Le dessin aux différentes couleurs est peint sur des carreaux de faïence blanche, puis les carreaux sont cuits à 1050°. Si le rendu est moins éclatant, cela permet de mettre en valeur les dessins de bouquets de roses qui dominent dans la décoration car la ville de Shirâz en est la capitale. Dans la mosquée Vakil, si les mosaïques reprennent les thèmes safavides, c’est dans une gamme de couleurs où prédomine, à la différence des bleus, jaunes ou turquoise du siècle précédent, une association de jaune, de blanc et de rose, cette dernière couleur apparaissant au XVIIIsiècle dans les décors de mosaïques. Toutefois, dans la mosquée Vakil, la plupart des carreaux avec des motifs à dominante florale dateraient de l'époque qâdjâr.

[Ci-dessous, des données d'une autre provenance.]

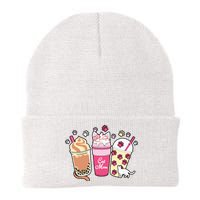 Cat Mom Paw Frappuccino Cute Knit Cap Winter Beanie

« Des lignes architecturales d’une austérité et d’un calme absolus, mais partout un luxe fou d’émail bleu et d’émail rose, pas une parcelles de mur qui ne soit minutieusement émaillée ; on est dans un mélancolique palais de lapis et de turquoise, que, ça et là, des panneaux à fleurs roses viennent éclaircir »[2].

La grande salle hypostyle de la mosquée Vakil est soutenue par plusieurs rangées de colonnes torsadées aux chapiteaux à feuilles d’acanthe.


[1] Afsaneh Pourmazaheri. « La dynastie Zand - Aperçu historique général ». La Revue de Téhéran. N° 121. Décembre  2015.